In this article, we take a look at the 12 Best Social Media Stocks To Buy Now. If you are in a hurry, you can click to skip ahead to the 5 Best Social Media Stocks To Buy Now.
Social media is a computer-based technology that facilitates the sharing of ideas, thoughts, and information through the building of virtual networks and communities. By design, social media is internet-based and gives users quick electronic communication of content.
The word social media is not foreign to us and it has been around for decades. The first social media platform was Six Degrees which was created in 1997 followed by a more popular social media site, Friendster which was launched around 2002. Social media allowed people to connect via the internet and today the industry continues to thrive (please also see the 14 Best Internet of Things Stocks to Buy Now).
In a study conducted by Statista, 70% of the U.S. population has at least one social media profile.

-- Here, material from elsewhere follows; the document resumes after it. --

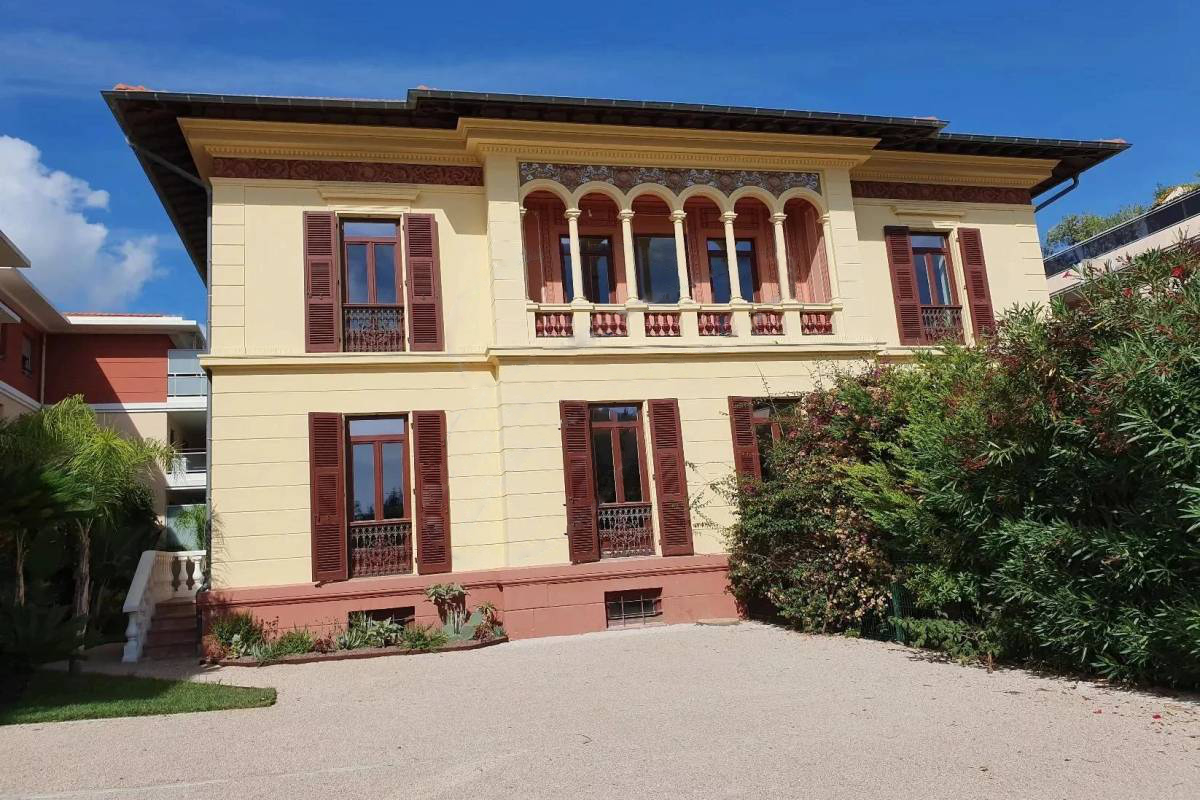 Villa 400 m2 avec vue mer à 50 mètres des plages - RFC46920523VV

While China has the biggest social media market worldwide with 822 million users in 2019. By 2021, the number of worldwide social media users is expected to reach about 3.1 billion people.
The COVID-19 pandemic has taken a toll on many industries but social media was not one of them. Enforced lockdowns, and people’s inclination to stay indoors to protect themselves boosted the industry in 2020. As social distancing was in place, social media kept us connected to each other with maximum social distancing. In a survey conducted by Digital Commerce 360, the majority of respondents agreed that their social media consumption (72%) and posting (43%) have increased during the pandemic. According to Global WebIndex, users are spending an average of 2 hours and 24 minutes per day multi networking across an average of 8 social networks and messaging apps.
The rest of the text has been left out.